VMCZ also yesterday said it condemned in the strongest terms the arrest and detention of the journalists. “The trio’s arrest is outrageous and unacceptable in a country that purports to uphold freedom of expression and freedom of the media,” said VMCZ executive director Loughty Dube.
“VMCZ expresses concern that the arrest of the three newsmen happened while journalists worldwide were commemorating the International Day to End Impunity for Crimes against Journalists. Suffice to say, it is the role of the media to play the watchdog role and be the guardian of public accountability, including on law enforcement agents and other public officials.”
The Media Institute of Southern Africa (MISA) national chairperson Kumbirai Mafunda said: “We are of the view that there are better ways of seeking redress if police feel that their reputation has been harmed. Such redress includes approaching VMCZ or holding a Press conference outlining their position without detaining journalists.”
Amnesty International said the detention of the three journalists was a shocking attempt to threaten freedom of the Press and called for their immediate release.

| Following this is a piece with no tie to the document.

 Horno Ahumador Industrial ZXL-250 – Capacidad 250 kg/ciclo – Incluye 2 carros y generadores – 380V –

“Arresting journalists on the basis of ‘publishing falsehoods’ has a chilling effect that may restrict the ability of the media to expose alleged criminal activities by the authorities,” said Muleya Mwananyanda, Amnesty International’s deputy director for Southern Africa.
“These actions create a climate of fear in Zimbabwe and perpetuate impunity.” Dozens of journalists in Zimbabwe have been charged in the past under the Criminal (Reform and Codification) Act for “publishing falsehoods”. They were all subsequently acquitted.

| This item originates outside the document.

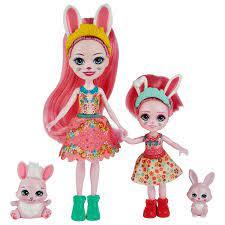 Enchantimals HCF84 Enchantimals, Сестрички с питомцем Бри и Беделия Кроля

“Authorities must not target journalists. Media workers must be allowed to do their work without harassment or intimidation,” said Mwananyanda.
In statement yesterday, Zimpapers Editors Forum chairman Isdore Guvamombe noted the arrest of three journalists with a deep sense of shock and regret.

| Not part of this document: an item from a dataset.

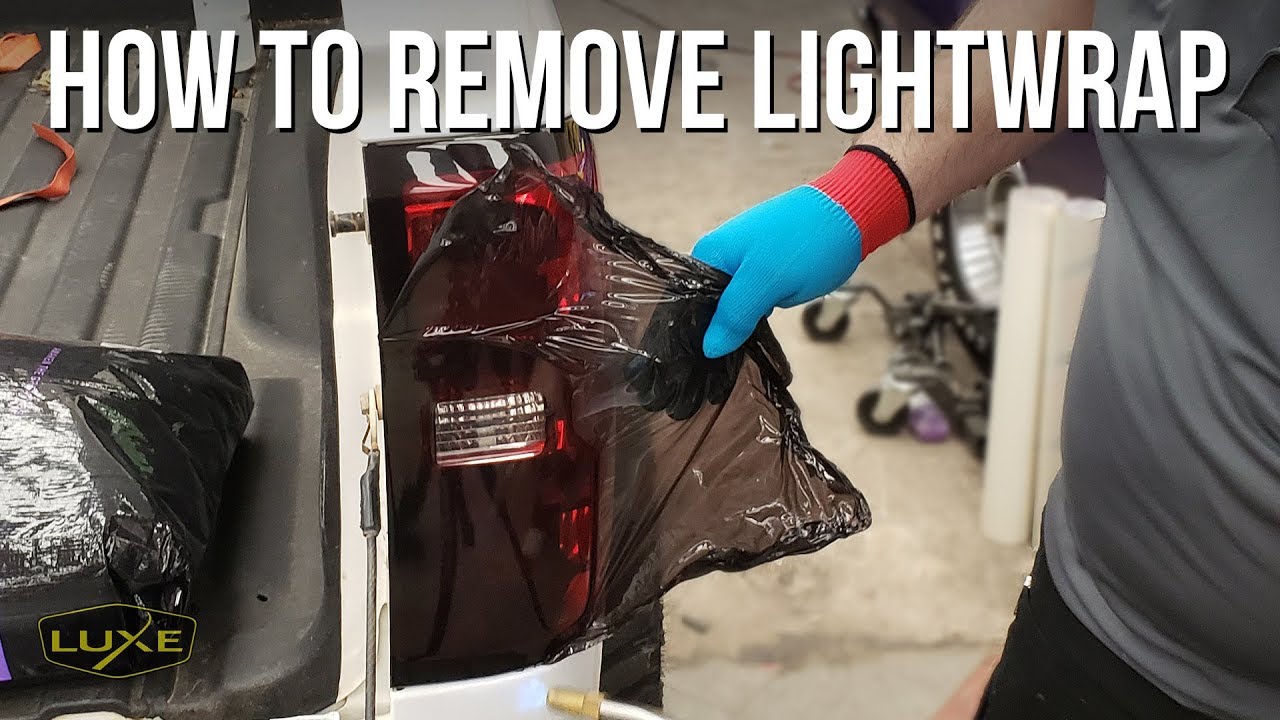 How To Remove Tail Light Tint Film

Guvamombe said the ZRP and the media’s relations had solved crimes and kept the country safe, adding that this co-operation had demonstrated how the two institutions’ symbiotic relations helped communities.
“That the three journalists would have spent two nights in police cells before eventually being presented in court on Wednesday (today), November 4, for doing not so much more than practising journalism, illustrates the vindictive and heavy-handed approach chosen by the ZRP.
“Just as the ZRP sometimes arrests, in good faith, only for suspects to be acquitted in court, media organisations also always endeavour to publish only what they believe to be true and in the national interest.
“But mistakes also do happen in the newsroom, and the response of any wronged individual or organisation should be never to respond with handcuffs, as the ZRP has done, or some other such irrational behaviour,” said Guvamombe.
“We do not know if The Sunday Mail story exposing the chaos on our game reserves where police officers are implicated in the deaths of dozens of elephants contained inaccuracies. But what we do know is that journalists have an absolute protection of their sources guaranteed by the Constitution, as well as their right to practise their profession unhindered.”
He said ZEF failed to understand how an organisation sworn to uphold the Constitution such as the ZRP could embarrass itself by resorting to such tactics.He said The Sunday Mail editor would have provided the police with leads to apprehend the suspects or secured the ZRP a retraction if inaccuracies in the story were established. “Our colleagues have been charged with ‘publishing false statements prejudicial to the State’ that have the effect of ‘adversely affecting the . . . economic interests of Zimbabwe’”.